### [EXERCISE OBJECTIVE]
An exact copy is required of the lines from the one with "File photo showing" through the last line of the material below, and of nothing else.

### [MATERIAL SUPPLIED]
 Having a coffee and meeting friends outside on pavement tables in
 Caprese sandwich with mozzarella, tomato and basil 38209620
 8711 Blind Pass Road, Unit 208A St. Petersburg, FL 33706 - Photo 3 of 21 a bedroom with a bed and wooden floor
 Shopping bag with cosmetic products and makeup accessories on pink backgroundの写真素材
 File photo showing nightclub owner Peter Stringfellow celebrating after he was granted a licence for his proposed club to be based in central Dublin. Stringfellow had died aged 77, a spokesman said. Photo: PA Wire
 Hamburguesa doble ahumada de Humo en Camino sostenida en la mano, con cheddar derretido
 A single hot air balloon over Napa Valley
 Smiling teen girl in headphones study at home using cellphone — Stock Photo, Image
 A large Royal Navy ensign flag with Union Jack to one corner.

### [RESULT OF THIS TASK]
 File photo showing nightclub owner Peter Stringfellow celebrating after he was granted a licence for his proposed club to be based in central Dublin. Stringfellow had died aged 77, a spokesman said. Photo: PA Wire
 Hamburguesa doble ahumada de Humo en Camino sostenida en la mano, con cheddar derretido
 A single hot air balloon over Napa Valley
 Smiling teen girl in headphones study at home using cellphone — Stock Photo, Image
 A large Royal Navy ensign flag with Union Jack to one corner.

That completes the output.